# If I could pimp my ride



## daniel2229 (Jun 5, 2011)

If I could I would change the looks of my mower by removing the plain cream colored wheels and replace them with these bad boys!

Then I would hire a body man and radically alter the body to this. Now, that's what I'm talkin' about!


----------



## Thomas (Nov 1, 2006)

Cute..be interesting your ideas for snow blower.


----------



## daniel2229 (Jun 5, 2011)

Then only bad thing about the Cobra mower is the marks in the grass when you hit the gas!


----------



## Mickey (Aug 14, 2010)

If you're wanting a Cobra for the grass, you need this one.

Yep, the smaller one is real & alive.


----------



## rsmith335 (Jun 2, 2010)

I set my wife up. I had introdused the idea of buying a Corbra kit car about a year before I sprung the trap. I would bring up the subject of buying a Harley, how pretty they were and all kinds of stuff. And finally she said, I thought you wanted a Corbra and that's all right with me and I would rather you have a Corbra (her) Now all I need is the econmey to straightin out. Just my luck!


----------



## daniel2229 (Jun 5, 2011)

Rick,

Check this out. London Cobra Show - The Ohio Cobra Club

I have been driving on I-70 in the past and have seen a steady line of Cobras driving west to London, Ohio. London is a little town west of Columbus, Ohio.
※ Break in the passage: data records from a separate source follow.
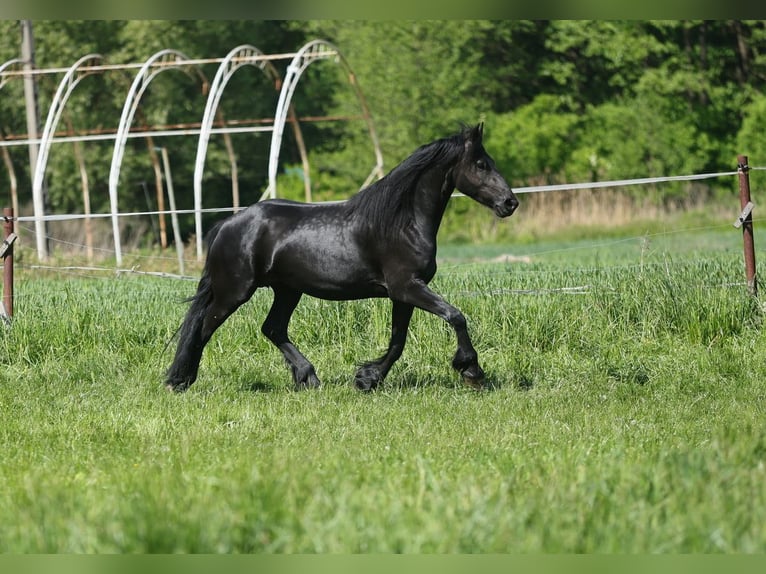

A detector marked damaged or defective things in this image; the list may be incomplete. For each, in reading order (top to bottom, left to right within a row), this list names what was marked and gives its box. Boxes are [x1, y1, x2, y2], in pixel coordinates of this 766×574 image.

rusty fence post [736, 158, 760, 300]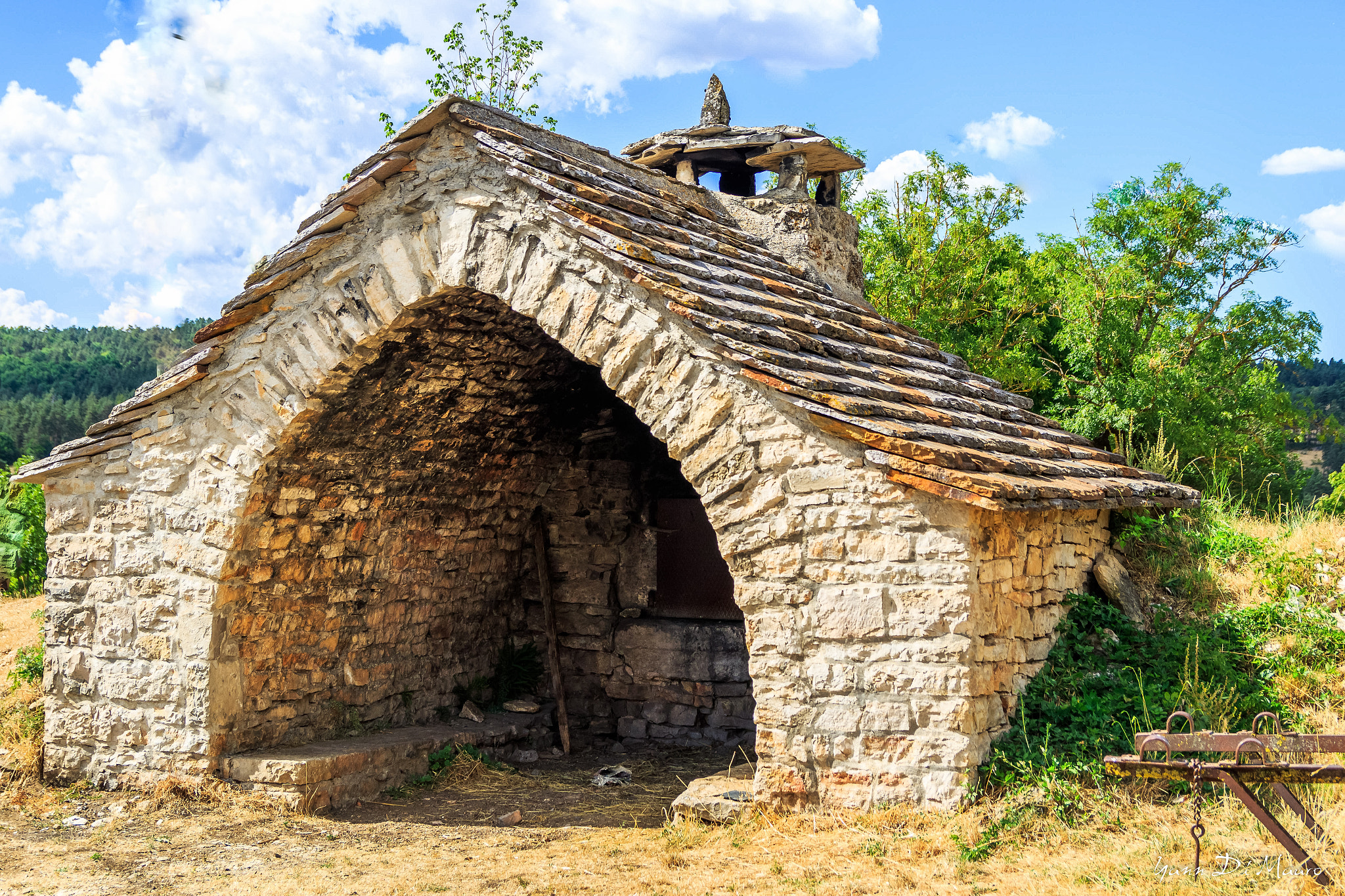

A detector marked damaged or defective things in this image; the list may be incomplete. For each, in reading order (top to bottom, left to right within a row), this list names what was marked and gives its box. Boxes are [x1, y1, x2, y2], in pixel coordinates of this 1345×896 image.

rusty metal implement [1103, 714, 1345, 881]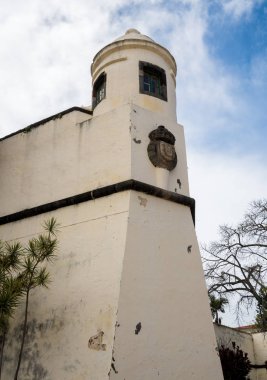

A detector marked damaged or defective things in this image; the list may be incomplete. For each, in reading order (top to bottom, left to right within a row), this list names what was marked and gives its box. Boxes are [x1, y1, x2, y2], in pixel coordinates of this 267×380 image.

peeling paint [88, 330, 106, 350]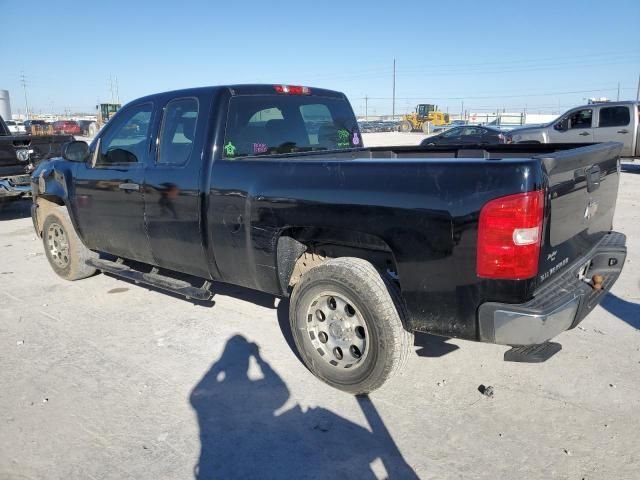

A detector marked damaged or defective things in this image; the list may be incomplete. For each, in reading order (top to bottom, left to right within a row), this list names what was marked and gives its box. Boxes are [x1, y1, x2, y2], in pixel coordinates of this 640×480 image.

dent on truck door [71, 102, 155, 264]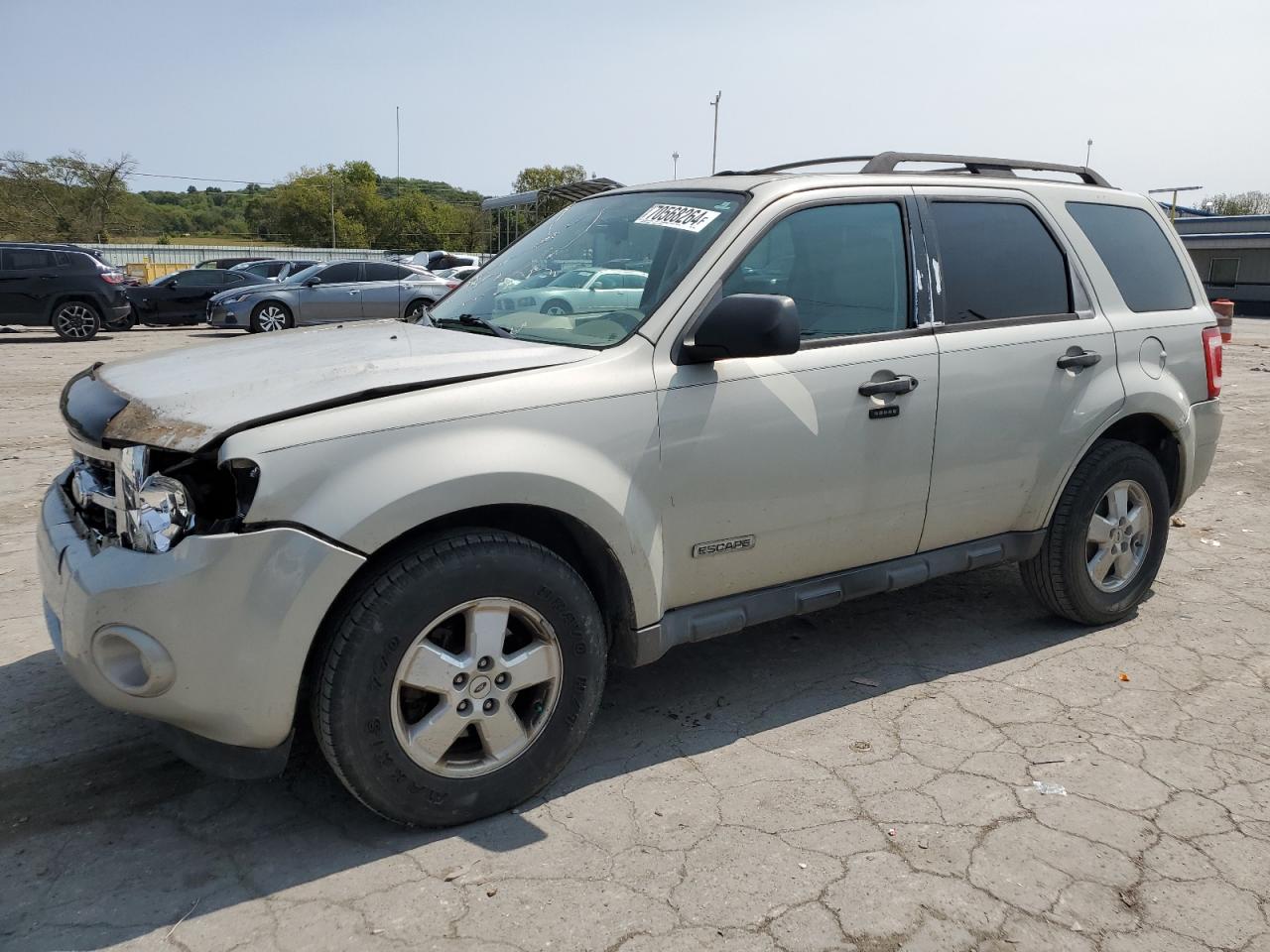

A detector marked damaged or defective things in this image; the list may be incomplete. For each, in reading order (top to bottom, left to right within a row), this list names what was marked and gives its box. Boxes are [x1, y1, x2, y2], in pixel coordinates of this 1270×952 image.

crumpled front bumper [35, 472, 369, 754]
damaged ford escape [40, 155, 1222, 825]
cracked pavement [2, 321, 1270, 952]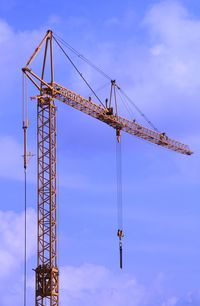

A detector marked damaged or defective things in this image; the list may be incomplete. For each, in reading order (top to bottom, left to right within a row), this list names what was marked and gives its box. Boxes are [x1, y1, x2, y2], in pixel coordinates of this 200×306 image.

I have an acquaintance who has a really neat kit Cobra. That would be the way to go. Not only are they easier on the pocket book, but the originals are basically undriveable because the of the intense heat that comes through the firewall and the floor. The 427'scan also be rather unruly on the road. The foot area on the originals is really minimal. I have seen several at car shows, and I don't think my size 13's would even fit in there together.

Some of the kits come with state of the art chasis with the best disc brakes and shocks. You supply your own engine, so you get to choose your own poison, not like the one of the hood of the car above.

Once at a gas station in my town, I saw a really neat red 427 AC, and made the mistake of asking the guy where he bought the kit. He was *very* quick to tell me it was not a kit! =-Q. I'll look carefully the next time before making that faux pas.

Hope you get the chance to build one. It is my all time favorite ride in looks and in performance.

Daniel


----------



## rsmith335 (Jun 2, 2010)

Do you have one? I want the spin off hubs and the race trim and the acerory wig so I can let the wind blow my through my hair.:lmao:


----------